What we do know, though, is people in Pennsylvania have enlarged and exploding spleens, people are losing access control and enjoyment of their land because of the noise and traffic associated with building and maintaining the wells, and irregular extraction schedules. People are only seeing royalties of any great degree for around 3 years before the money falls off to negligible amounts. Most fracking wells are only viable for around 30 years. Methane does leak at higher levels than the companies propose. Wells do fail which leads to potentially catastrophic consequences. Communities disintegrate because their quiet agricultural idylls turn into noisy, industrial hubs. New born livestock are dying at far higher rates than previously. The reproductive cycles of humans and animals are being interrupted. People are killing themselves in desperation and frustration to have their objections and concerns heard by Powers That Be. Only a handful of the fracking sites installed produce profitable amounts for the land owners. All of this is revealed in Pipe Dreams Fractured Lives.
So how do we get back to the question of water? Water is one of the most absorbent substances we know. Have you ever left water in the fridge for a week without a lid? Have you noticed how it becomes smelly, kind of dense and possibly discoloured? So what do you think happens to our incredibly limited ground water, aquefers, and the Great Artesian Basin if we go around creating massive fissures in our continent's substrata and releasing gasses? Is a mining companies profit margin worth the risk to our country? Our planet? Are a few jobs or the money to build a house worth the extinction of our lives? And is it worth risking all this damage for something which only has an economic lifespan of 30 years?
Just before this film was released (and undoubtedly partially as a result of what was revealed through its making) South Australia did impose a 10 year moratorium on fracking, and WA has now protected 98% of itself from the process. However, in South Australia the moratorium is up in 2028 and the conversation needs to start again. In Victoria fracking is banned completely, but as Finucane & Smith told us in The Rapture: Chapter II, 85% of the Northern Territory is under, or in negotiation for, a fracking license.
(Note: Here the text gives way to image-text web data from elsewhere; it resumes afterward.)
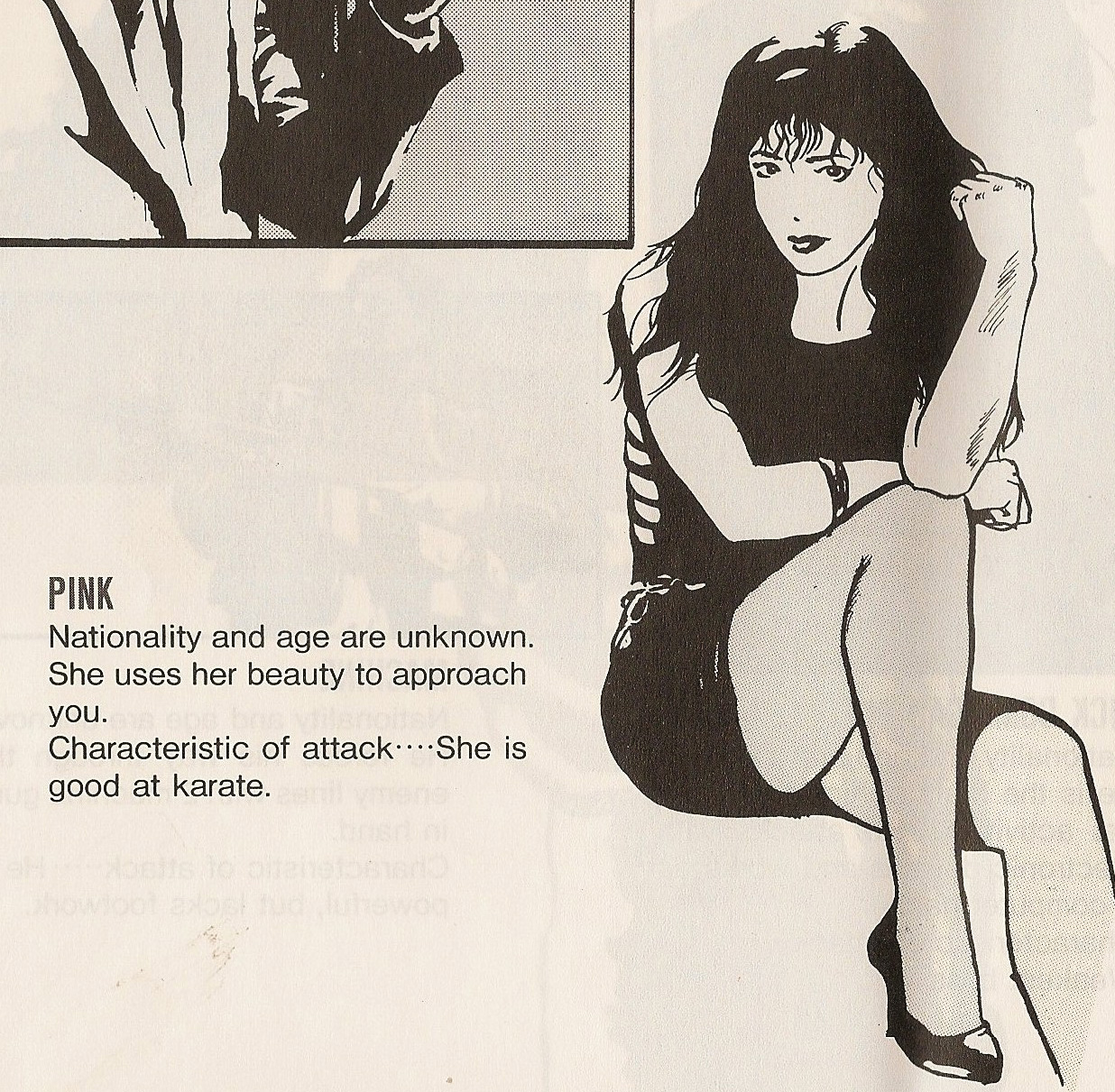 Pink The Super Spy Manual.jpg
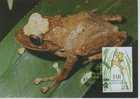 WM0176 Grenouille Platymantis Viviensis Fidji 1988 FDC Premier Jour Carte Maximum - Frogs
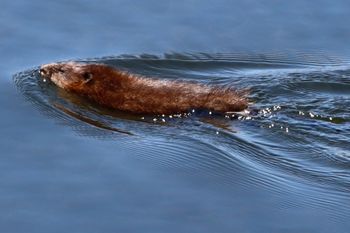 2021-Boardman Lake Muskrat
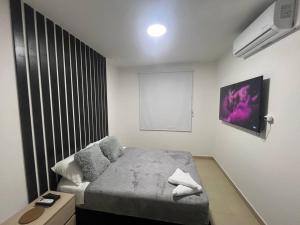 TV a/nebo společenská místnost v ubytování Hermoso apartamento para descansar en familia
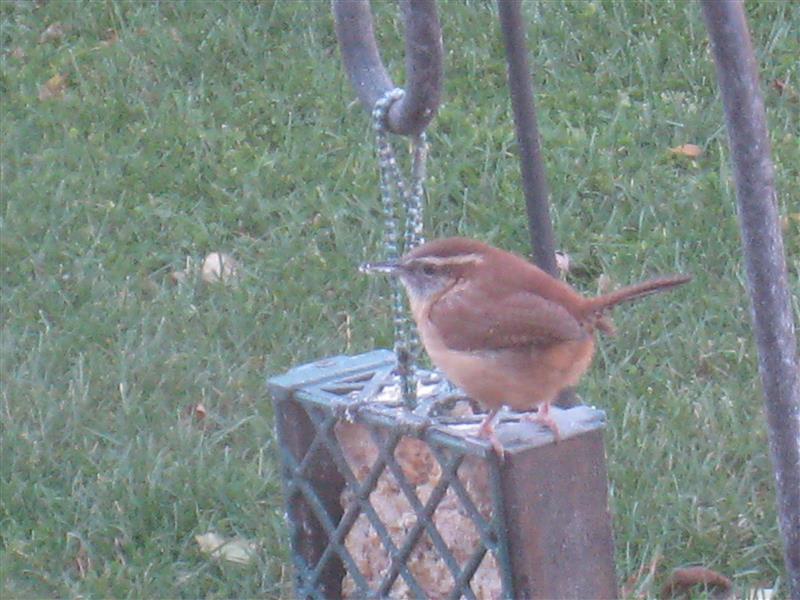  WREN, Carolina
I am pro-technology and progress, but there is nothing in my 'waters' which tells me this is a good thing. Apart from the whole bigger climate change catastrophe we are creating, lets just get local for a moment and ask ourselves can we really afford to turn our island into a giant sinkhole and risk what little water we have to contamination? Don't we already have enough water problems with the Murray/Darling disaster? Is mining money really more important than our ability to drink and eat?
I can't answer these questions for you. Neither can Pipe Dreams Fractured Lives. You do need to watch it though because when you consider your position and the fate of our land and our people these are the things which need to be mulled over. Hear from people who are in the middle of it. We all hear what the mining companies want us to know. Listen to the stories they don't want us to find out about and then make up your mind. This could be the biggest post-truth age decision you ever need to make.